Tenía la mano fría. Entré en su cuarto, para buscar algo con que abrigarla. Sobre la cama había una colcha de ganchillo, hecha a mano, a juzgar por su aspecto. La quité de la cama y la llevé hasta la silueta que estaba tumbada en el suelo de la cocina, para ponérsela encima.

Fuera oí una sirena, estaba muy lejos, pero se acercaba. Tenía que ir a abrir la puerta, pero de momento no podía moverme.

—La puerta… —dijo. Su voz era débil.

—No pasa nada, señora Mackenzie. La abriré para que entren, no se preocupe.

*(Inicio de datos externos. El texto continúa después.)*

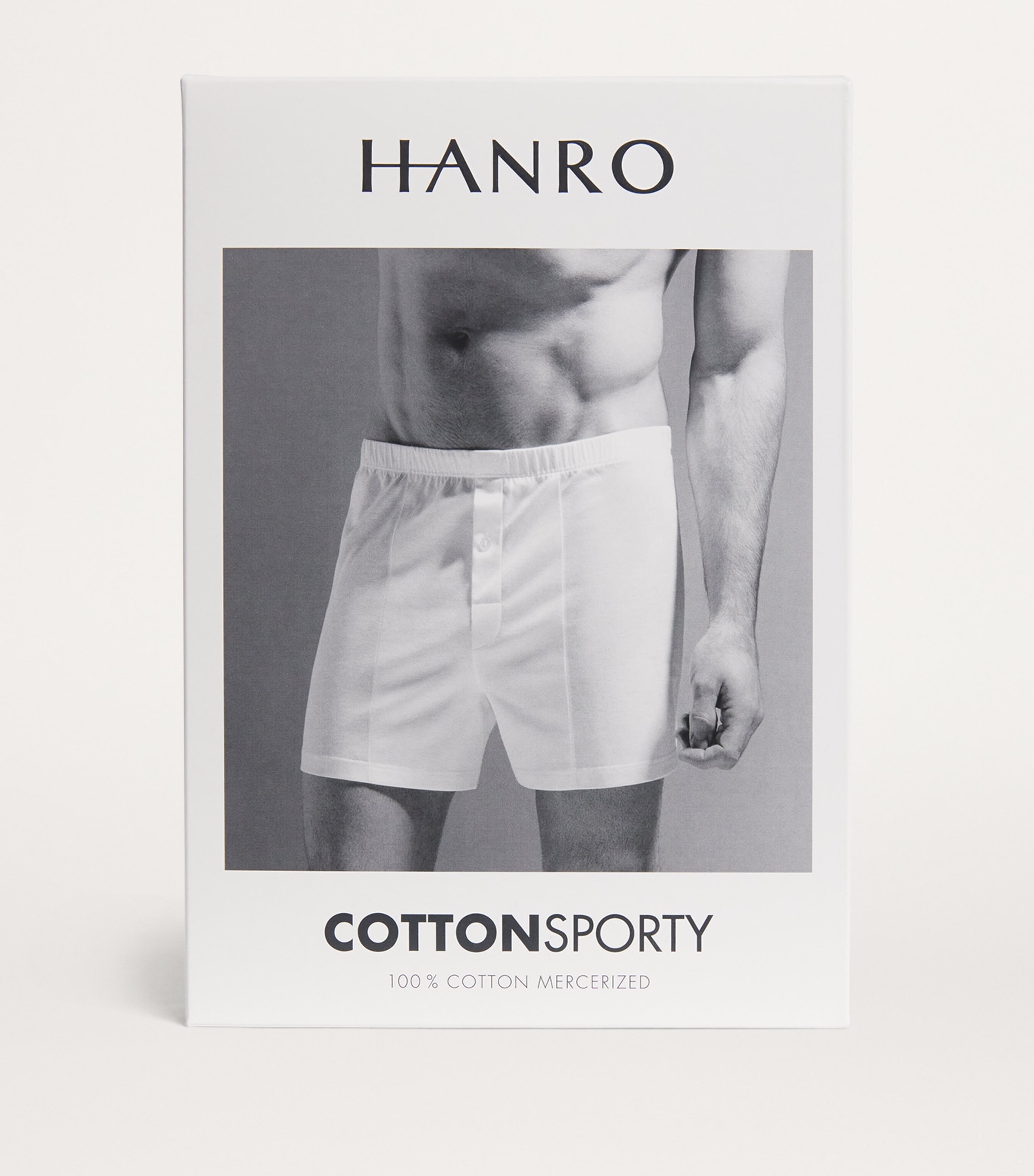 Cotton Sporty Boxers 199 BLACK Image 4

—La puerta… Estaba…, estaba… fuera…

La sirena enmudeció en el exterior.

—Ahora vuelvo, señora Mackenzie… —salí corriendo hacia la puerta del portal, con las manos temblando.

Fuera había personas con uniformes verdes. Un hombre alto y una mujer baja.

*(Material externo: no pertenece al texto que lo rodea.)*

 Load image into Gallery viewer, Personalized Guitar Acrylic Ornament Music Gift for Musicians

—Es por aquí, creo que se ha caído.

Me quedé atrás y les dejé hacer lo que tenían que hacer.

—¿Sabe qué ha pasado? —La enfermera parecía joven, era más baja que yo y tenía el pelo moreno y corto.

—No, la encontré así. Debe de haberse caído o algo. Vivo en el piso de arriba. Suele salir a saludar y siempre oigo su tele encendida. Como no salió, me pareció extraño, así que llamé a la puerta…

Me di cuenta de que estaba farfullando como una loca.

—Vale, intente tranquilizarse —dijo—. La señora se pondrá bien, nos ocuparemos de ella. Está temblando. ¿Se marea o algo?

—No, no, estoy bien. Solo… trátenla bien, ¿lo harán?

Cuando se la llevaron a la ambulancia, yo ya había empezado a tranquilizarme un poco. Me quedé de pie en la puerta observando cómo metían la camilla, el carrito o como lo llamaran en la parte de atrás de la ambulancia.

Oí que alguien corría por la calle y, al mirar, vi a Stuart acercándose a toda prisa al edificio.

—Cathy… Dios mío, pensé…

Estaba sin aliento y apoyó las manos en las rodillas.

—Vi la ambulancia y pensé…

—Es la señora Mackenzie. Cuando entré, de pronto me di cuenta de que no oía su televisión. No tenía la puerta cerrada con llave, así que entré y allí estaba, tendida en el suelo de la cocina.

—¿Está muy mal?

Estaban cerrando las puertas traseras de la ambulancia.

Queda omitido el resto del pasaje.